By Friday, when initial registration periods at each of the three campuses had ended, more than 25,000 people had signed up for fall classes. During the same period a year ago, just 21,932 students were enrolled.
In addition to attracting the most students overall--10,665--Moorpark College had the largest increase in its student population. The hilltop campus boasted an 18.5% rise in enrollment over the 1995 fall semester.
“We’ve tried to add classes to our schedule that are the core, basic general ed courses that most students need to take for prerequisites and to transfer to universities,” Moorpark College President James Walker said.
Walker also credited the district for advertising on cable television, as well as state legislators for keeping community college fees at $13 a unit for the upcoming year.
“This is the first year in a long time that there hasn’t been threats from Sacramento about the possibility of fees increasing,” he said. “Even when people are just talking about increasing fees, it’s discouraging to potential students.”
Oxnard College experienced a 16.3% increase in the number of people taking classes, enrolling more than 5,000 students for the semester.
Faulconer credited much of that boost to the college’s new satellite center in Camarillo, where more than 600 people have signed up for computer, foreign language and other classes.

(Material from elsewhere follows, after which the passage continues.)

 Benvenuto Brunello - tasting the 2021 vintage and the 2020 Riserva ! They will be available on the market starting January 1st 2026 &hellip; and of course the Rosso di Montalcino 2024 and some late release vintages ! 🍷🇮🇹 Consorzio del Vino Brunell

“It’s always tough to identify a single variable,” she said. “But another factor is that we no longer have the differential fee for college graduates.

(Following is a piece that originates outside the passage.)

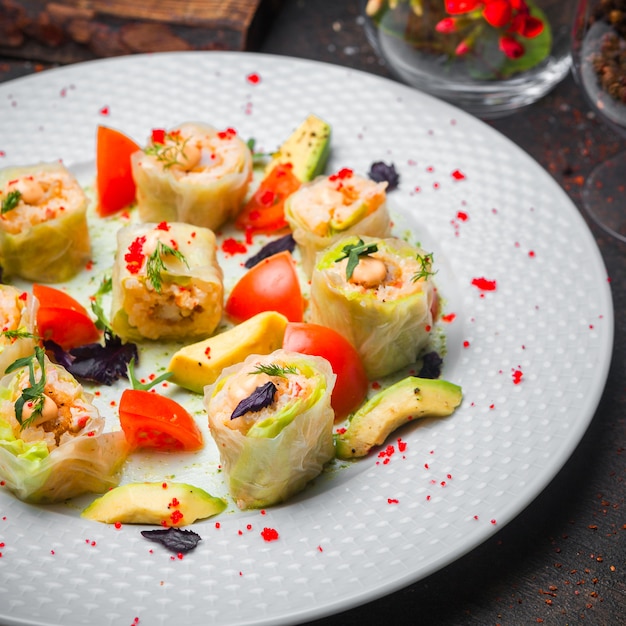 Free photo close-up vegan salad with avocado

“The Camarillo center is attracting a number of people who have degrees and want classes for their personal or professional growth,” Faulconer said. “They may not have enrolled if there was still a differential fee.”
State legislators recently retracted a $50-per-unit fee for community college students who already hold bachelor’s degrees.
Another reason that more students are enrolling at Ventura County’s three community colleges is an overseas marketing campaign.
Since early this year, former Oxnard College President Elise Schneider has been traveling the globe in an attempt to recruit foreign students, who pay much higher tuition than California residents.
Schneider said she has attracted more than 60 students from other countries in the last six months.
“All of the recruits have their eyes set on UCLA,” said Schneider, who plans to return to Asia in October. “So I tell them that we’re the first two years, and the good relationships we have with [four-year] institutions.”
Tanya Paez is among the 3,500 or so new students within the three-campus district. Like hundreds of others, she has no idea what she wants to do for a living, but she wants to graduate from college.
To do that, she said, she must complete her general education requirements at Ventura College and then transfer to a four-year university.
“I got math and psychology OK, but all of the English classes were full,” said Paez, who just graduated from Santa Paula High School. “I’m not worried, though. I’ll find one somewhere.”